Prevents overfitting. NIT: reduces "sharp surfaces"

✅ What does argsort do in PyTorch?

Give the indices resultign from sorting data.

✅ Does sorting the movie biases give the same result as averaging overall movie ratings by movie? Why/why not?

Different — bias is more complex, and takes into account the preferences of all of the users vs. other movies, rather than just average. This is because we are determing how much bettet the movie does that we'd predict with just its latent factors, rather than just taking the average.

❌ How do you print the names and details of the layers in a model?

Don't remember

NOTE: type learn.model

✅ What is the "bootstrapping problem" in collaborative filtering?

Initial results are self-reinforcing, I believe. Without a lot of data recommendations are low quality, etc. Sorta: note, better answer is it's tough when there's nmot a lot of data

✅ How could you deal with the bootstrapping problem for new users? For new movies?

Ask users for their initial preferences in onboarding, fill in each user with an average user, etc. For new movies, same thing, could initialize to an average of the site or to the first few ratings.

✅ How can feedback loops impact collaborative filtering systems?

They can create filter bubbles for individual users but also change the sorts of useres who are attracted to the site.

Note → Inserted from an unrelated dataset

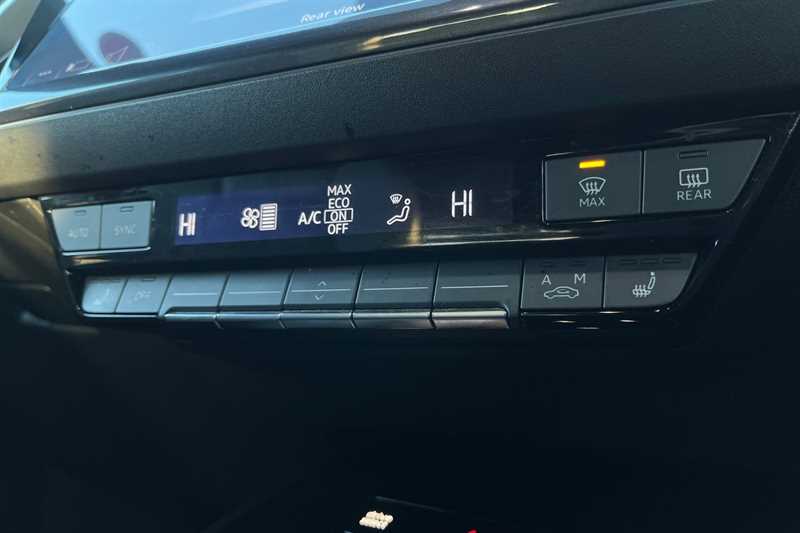 Used Audi Q4 e-tron 2023 for sale - 77757766: Photo 15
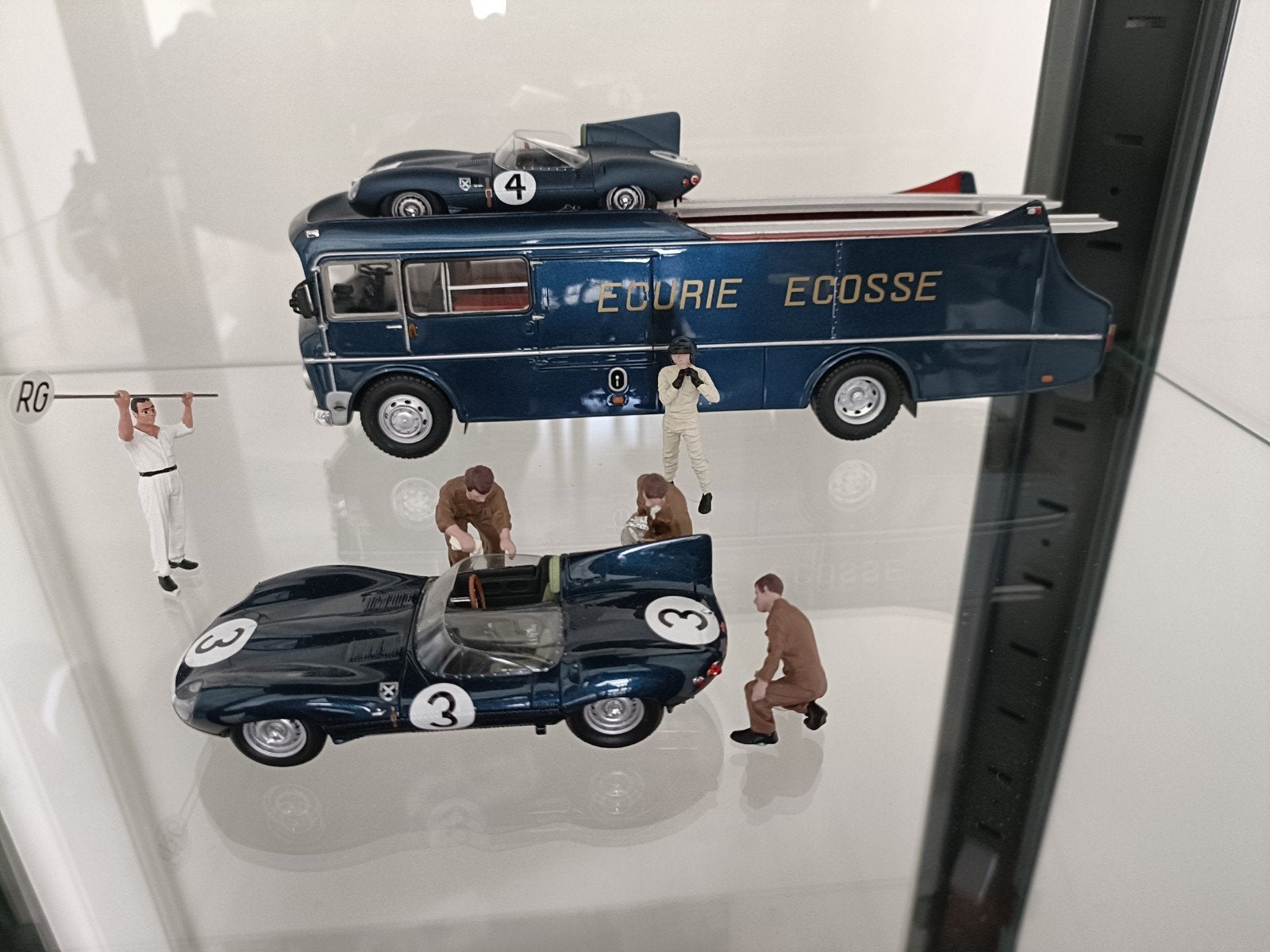Ecurie Ecosse diorama, Le Mans set. Spark 1:43., Ophalen of Verzenden, Zo goed als nieuw, Auto, Overige merken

❌ When using a neural network in collaborative filtering, why can we have different numbers of factors for movies and users?

Don't remember.

NOTE: concatenating the mebedding matrices

❌ Why is there an nn.Sequential in the CollabNN model?

Don't remember.

NOTE: couiple multiple nn.Module layers together

❌ What kind of model should we use if we want to add metadata about users and items, or information such as date and time, to a collaborative filtering model?

Don't remember.

NOTE: should use a tabular model instead!